= Description of the task =
Repeat the records below exactly from the line containing "15 Verrouillage de" to the line containing "Nam sinh hoảng", taking in both of those lines. Drop the pictures.

= Exercise inputs =
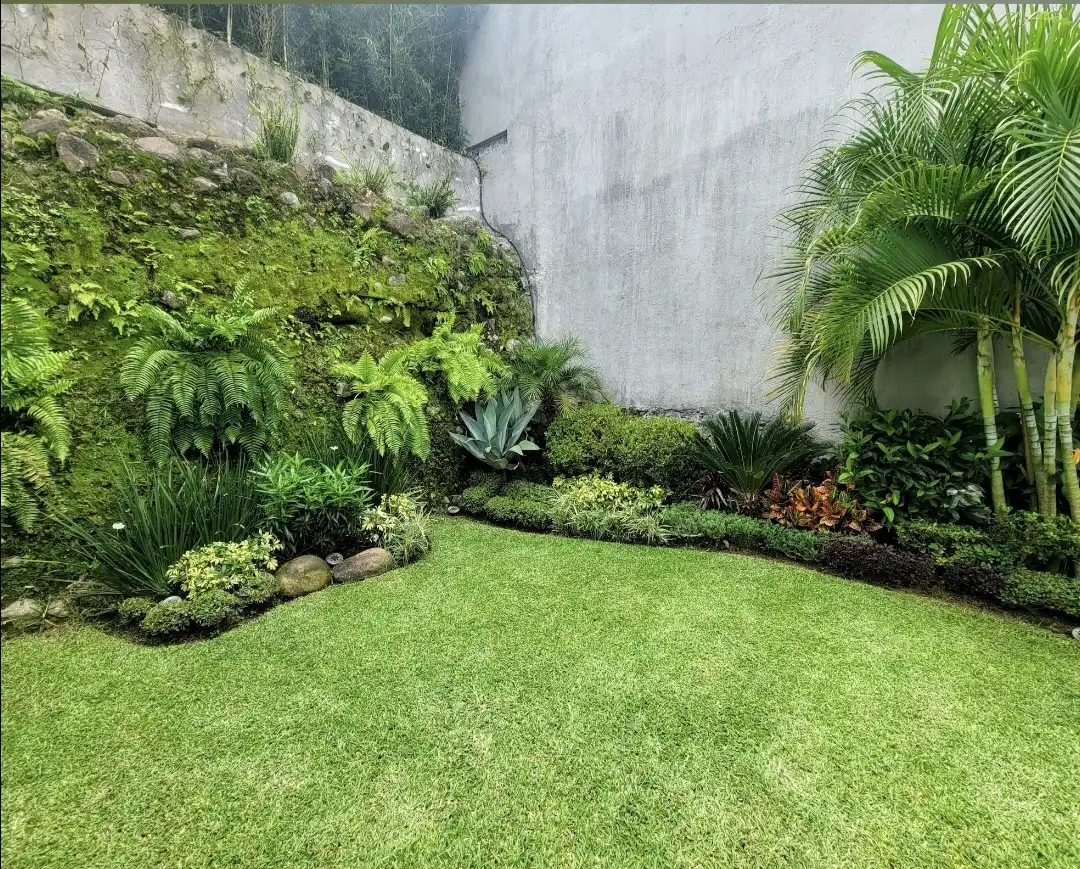Casa en fraccionamiento La Cañada, Cuernavaca. Morelos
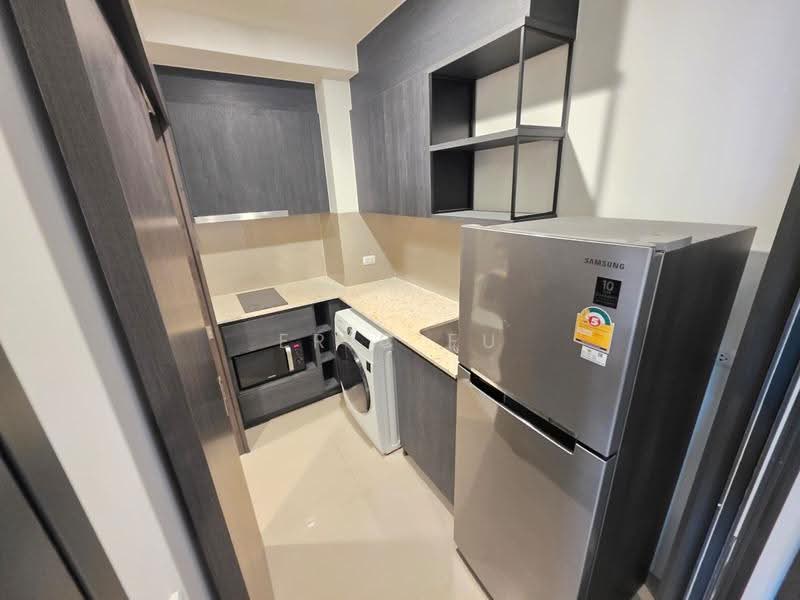 XT Huaikhwang, Bangkok, 244 Ratchadaphisek Road, Huai Khwang, Bangkok, 1 Bedroom, 35 sqm, Condo For Rent, by Eric Fu, 500581259 - DDproperty.com
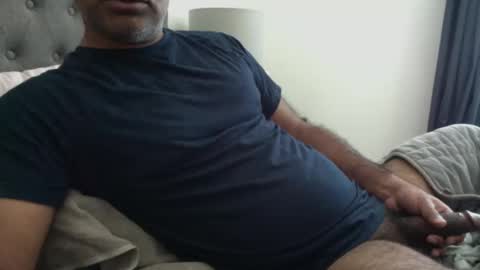 Snapshot of wildhungry chatting on 4, 11, 2025 wildhungry online show from 4, 11, 2025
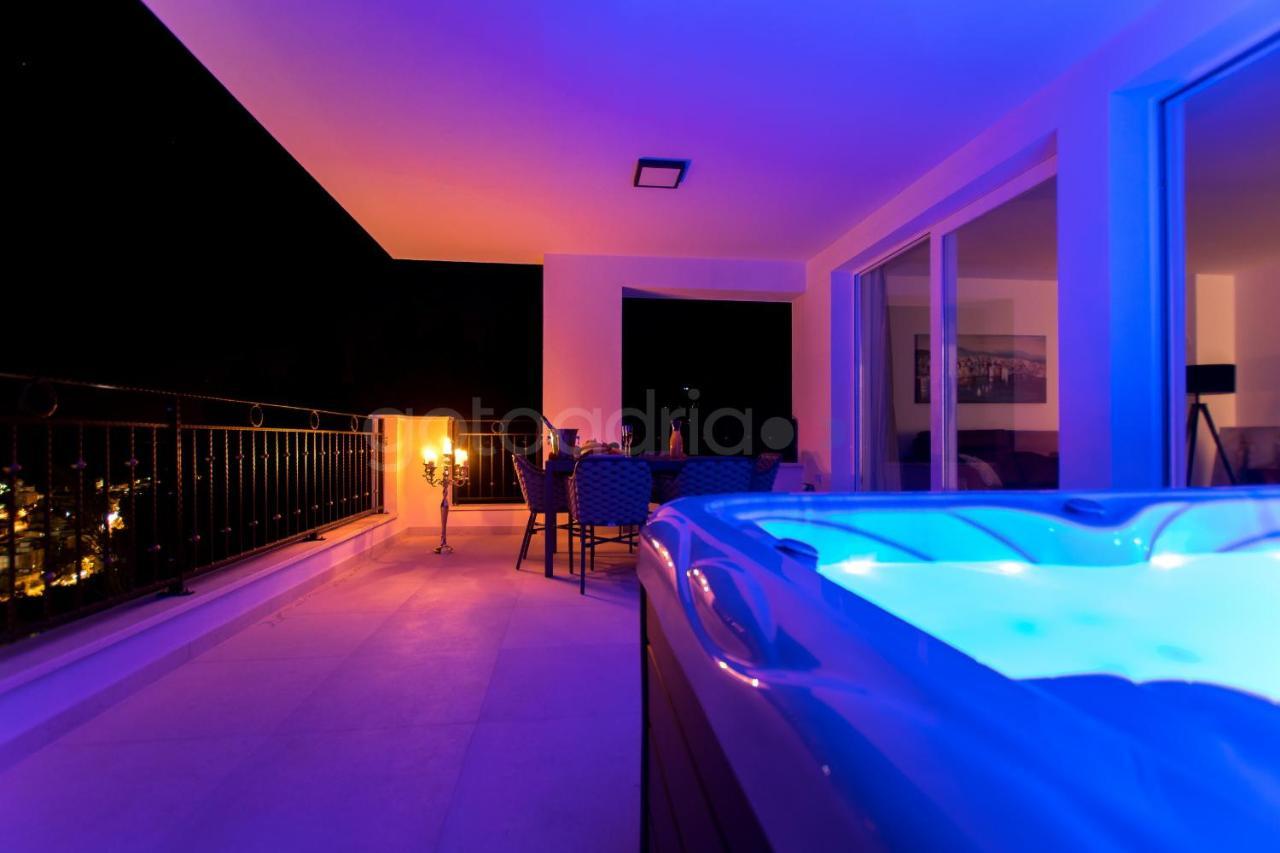 Villa Smaragd - Opal - Luxury Apt With Shared Pool And Private Hot Tub ماكارسكا المظهر الخارجي الصورة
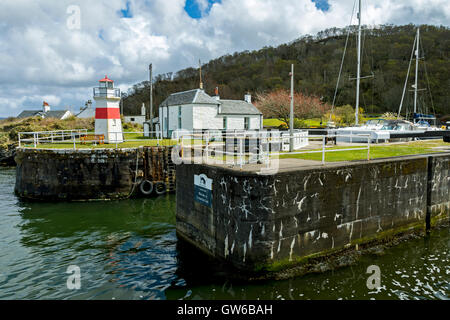 15 Verrouillage de la serrure, la mer, et le port à la lumière sur le bassin du Crinan Canal Crinan à Crinan, Argyll and Bute, Ecosse, Royaume-Uni Banque D'Images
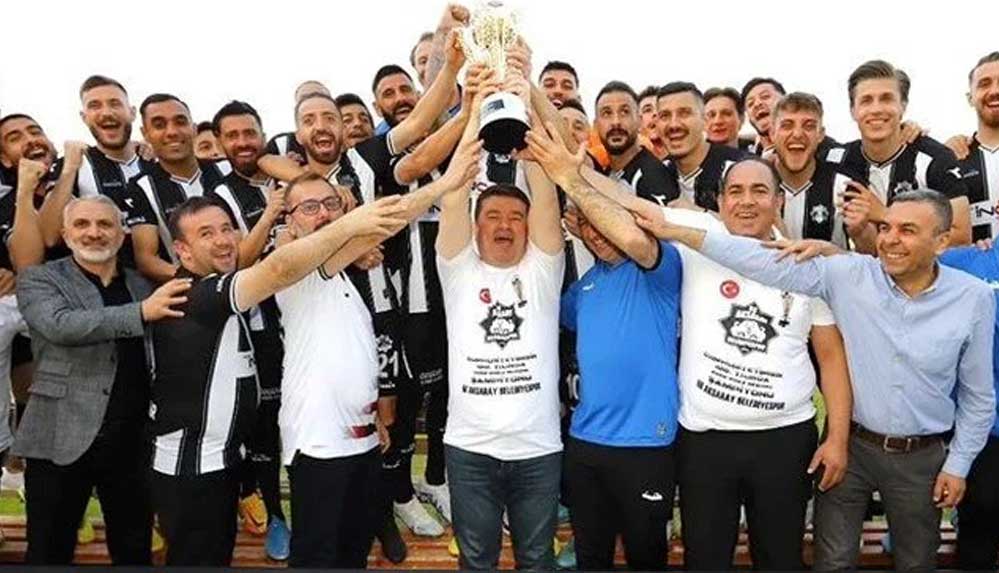Aksaray Belediyespor'un şampiyonluk kupası çalındı: Gören duyan varsa haber versin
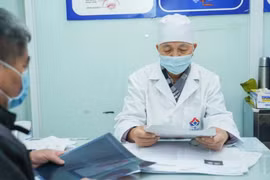 Nam sinh hoảng hốt vì "con giống" vón cục như hạt gạo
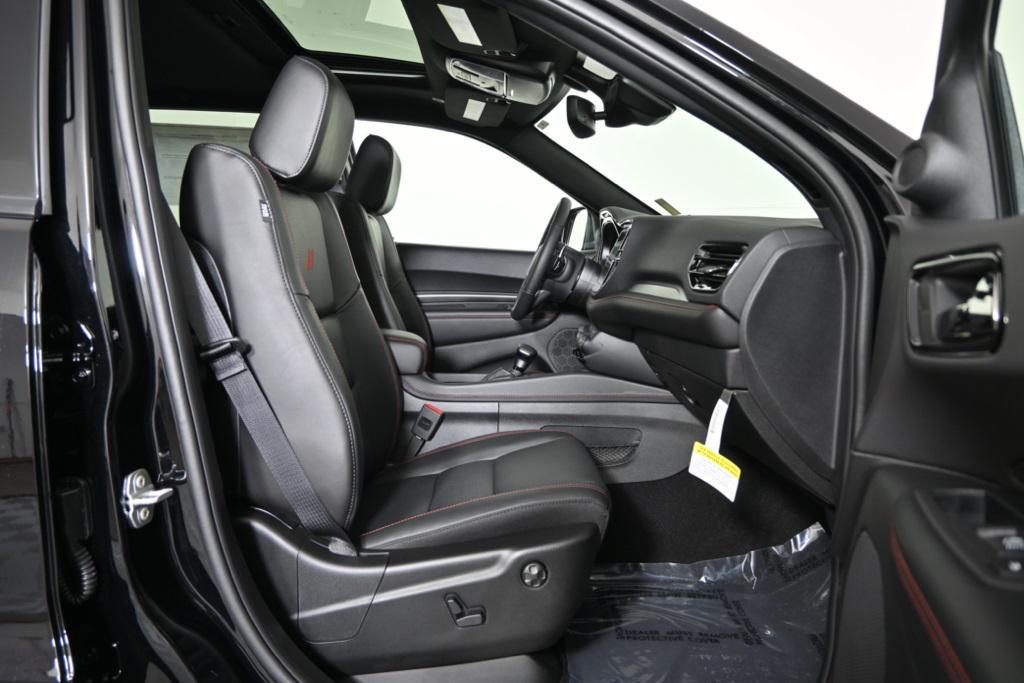 new 2025 Dodge Durango car, priced at $40,499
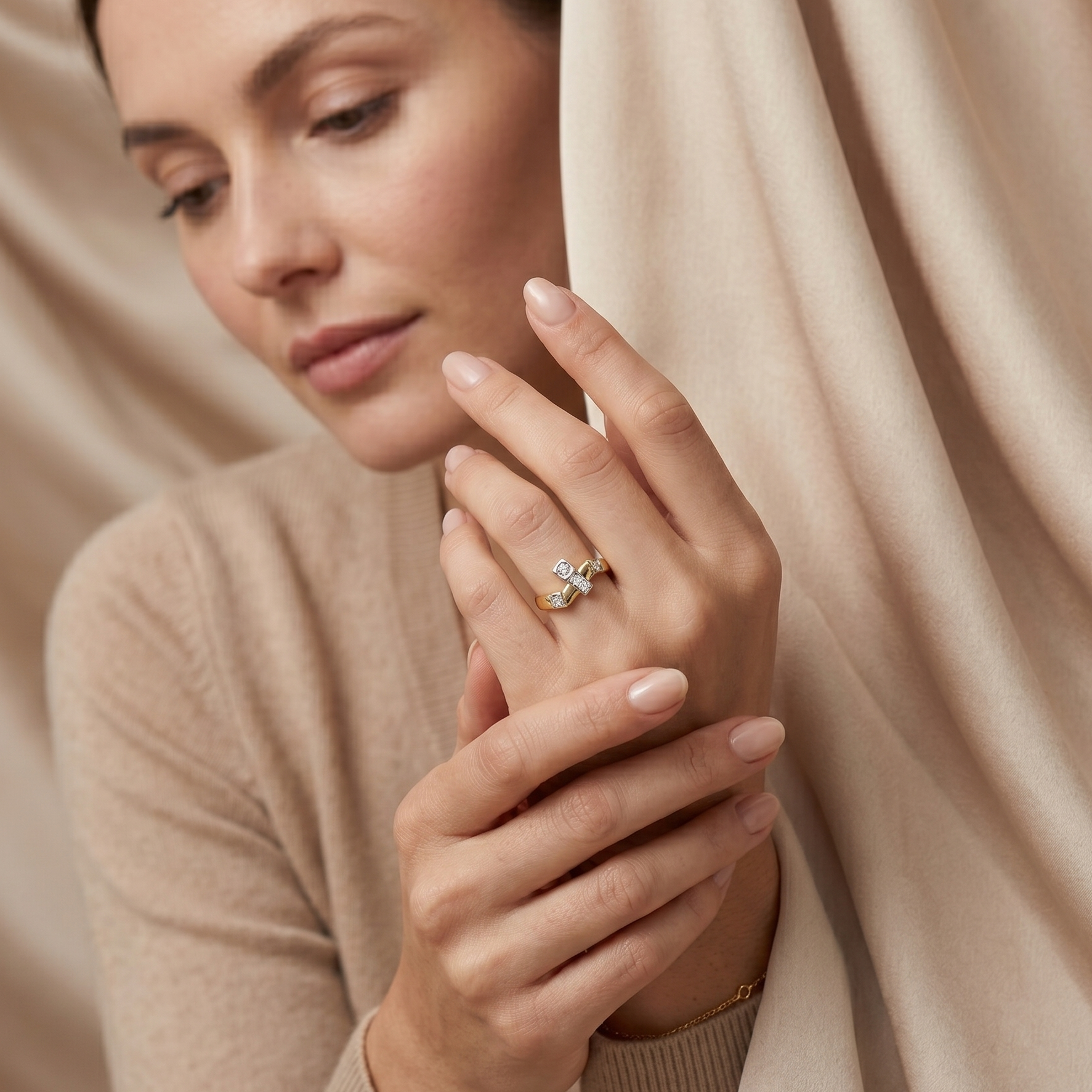 ANILLO BICOLOR CON BRILLANTE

= Exercise solution =
 15 Verrouillage de la serrure, la mer, et le port à la lumière sur le bassin du Crinan Canal Crinan à Crinan, Argyll and Bute, Ecosse, Royaume-Uni Banque D'Images
Aksaray Belediyespor'un şampiyonluk kupası çalındı: Gören duyan varsa haber versin
 Nam sinh hoảng hốt vì "con giống" vón cục như hạt gạo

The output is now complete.